In the last few weeks, the numbers of cases reported have increased in a number of European countries although they have remained generally stable in the UK. However, the number of COVID-related deaths and seriously ill cases has been steadily falling. What does this actually mean? The challenge is that we are doing many more tests than previously and so are diagnosing people that would otherwise not have been identified, as most of them have very few symptoms or none at all (asymptomatic). This is partly related to the Test and Trace programme, but also proactive testing when a cluster is suspected, as at the Greencore sandwich factory. At the early stage of the COVID-19 outbreak, primarily people who had been admitted to hospital or referred by a GP were tested. So it is not possible to compare the current figures with those reported in April and May. It is important that we monitor the current overall figure as this will reflect lifestyle factors which may influence the transmission of the virus within the community. In Spain, for example, the current spike is likely to be associated with an increase in those on holidays who were unable to maintain the social distancing limit. Also, monitoring local spikes should allow for the identification of specific factors associated with the increased number and therefore inform the introduction of measures to deal with them. It is also worth remembering that, whilst the death rate is now negligible, the long-term effects of contracting COVID-19 remain unclear.
Where are we with vaccines?
Although there are reports from Russia that a vaccine is now in use in the clinic, we have no evidence that it actually works as none of the research behind it has been published. There are a number of trials taking place around the world. It is important, however, that all of the evidence that the vaccine is safe and effective has been obtained before a licence for its use in the clinic is approved. Any political pressure to approve a vaccine prior to the completion of proper testing should be resisted. We have one chance to get it right and we need to be confident that the vaccine works and is safe before we allow it to be made available to the wider population.

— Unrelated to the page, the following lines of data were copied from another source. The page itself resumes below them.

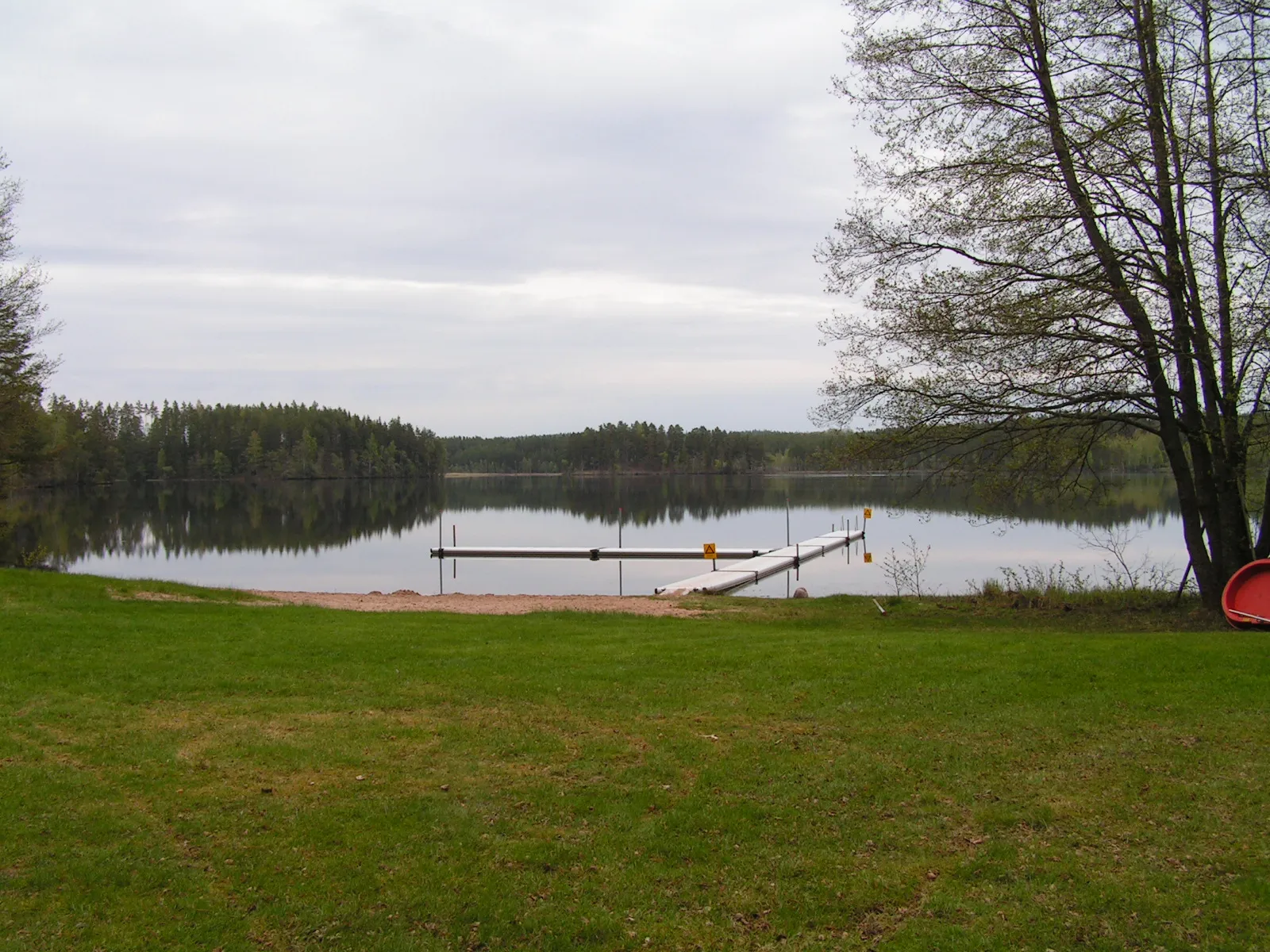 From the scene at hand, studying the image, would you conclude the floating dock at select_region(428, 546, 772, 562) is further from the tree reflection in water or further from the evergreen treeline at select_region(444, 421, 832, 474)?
the evergreen treeline at select_region(444, 421, 832, 474)

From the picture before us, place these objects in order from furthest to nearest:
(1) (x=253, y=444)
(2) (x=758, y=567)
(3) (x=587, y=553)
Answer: (1) (x=253, y=444)
(3) (x=587, y=553)
(2) (x=758, y=567)

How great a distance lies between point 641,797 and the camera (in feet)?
17.5

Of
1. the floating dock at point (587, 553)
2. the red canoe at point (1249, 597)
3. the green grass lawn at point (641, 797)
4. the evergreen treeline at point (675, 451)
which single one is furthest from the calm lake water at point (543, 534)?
the evergreen treeline at point (675, 451)

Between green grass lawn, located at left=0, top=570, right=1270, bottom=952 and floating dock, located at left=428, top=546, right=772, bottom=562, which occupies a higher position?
green grass lawn, located at left=0, top=570, right=1270, bottom=952

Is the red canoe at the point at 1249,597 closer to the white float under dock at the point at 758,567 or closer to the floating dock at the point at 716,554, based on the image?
the white float under dock at the point at 758,567

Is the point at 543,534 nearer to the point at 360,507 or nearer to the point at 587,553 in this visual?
the point at 587,553

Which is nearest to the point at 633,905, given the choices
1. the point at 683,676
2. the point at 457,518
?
the point at 683,676

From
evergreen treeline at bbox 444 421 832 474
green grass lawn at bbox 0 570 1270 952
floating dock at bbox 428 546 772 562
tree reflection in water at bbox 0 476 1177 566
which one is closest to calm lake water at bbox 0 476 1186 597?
tree reflection in water at bbox 0 476 1177 566

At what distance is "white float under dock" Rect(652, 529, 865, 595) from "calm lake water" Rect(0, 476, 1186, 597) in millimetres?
642

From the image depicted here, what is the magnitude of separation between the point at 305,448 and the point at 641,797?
120m

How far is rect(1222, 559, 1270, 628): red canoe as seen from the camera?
10.8 meters

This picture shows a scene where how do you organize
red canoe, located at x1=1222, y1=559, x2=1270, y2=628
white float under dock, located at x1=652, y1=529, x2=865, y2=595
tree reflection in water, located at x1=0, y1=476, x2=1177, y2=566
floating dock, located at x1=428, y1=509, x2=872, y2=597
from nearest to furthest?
red canoe, located at x1=1222, y1=559, x2=1270, y2=628 → white float under dock, located at x1=652, y1=529, x2=865, y2=595 → floating dock, located at x1=428, y1=509, x2=872, y2=597 → tree reflection in water, located at x1=0, y1=476, x2=1177, y2=566

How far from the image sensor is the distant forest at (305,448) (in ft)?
337

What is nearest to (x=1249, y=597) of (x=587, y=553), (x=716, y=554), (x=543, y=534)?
(x=716, y=554) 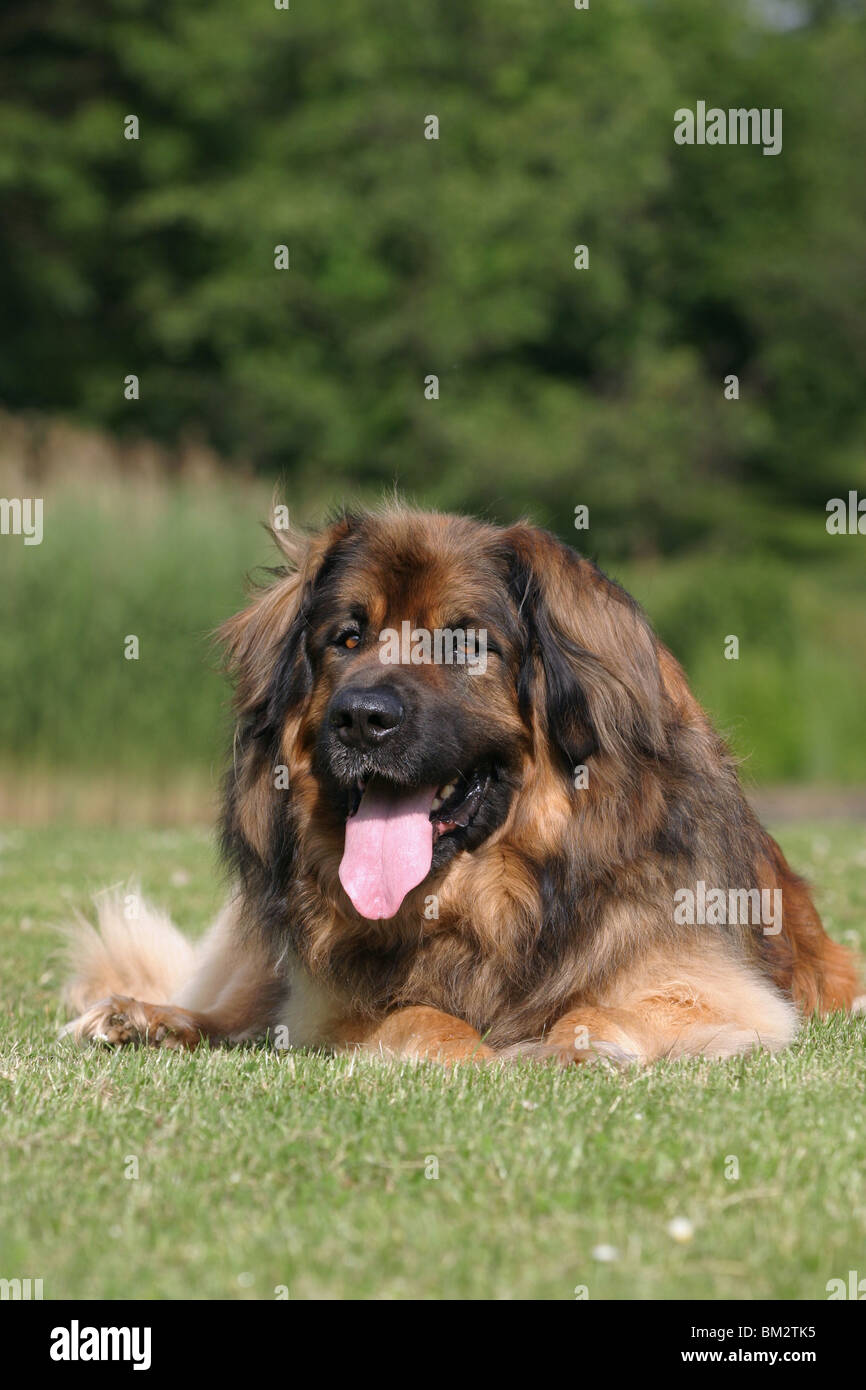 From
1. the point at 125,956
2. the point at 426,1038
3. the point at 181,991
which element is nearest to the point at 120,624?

Could you get COVID-19 a second time?
There have been reports today of a person developing the symptoms of COVID-19 for a second time. Although this is a single case, it does raise the possibility that the immune response to the condition may be short lived, at least in some people. Although, another possibility is that many people have contracted it for a second time, but are also asymptomatic, so have gone undetected. Previous studies have suggested that the immune response in people who have a milder form of the condition may be weak and decrease over time. This may explain why it could be possible to develop the condition a second time. More importantly, it provides information about the development of a vaccine. In the initial study of the Oxford vaccine, a booster dose was administered after one month and the immune response was maintained up to three months. This is now being followed over a longer term. However, if the immune response is not maintained, it may be necessary to give an annual booster, which will be a challenge.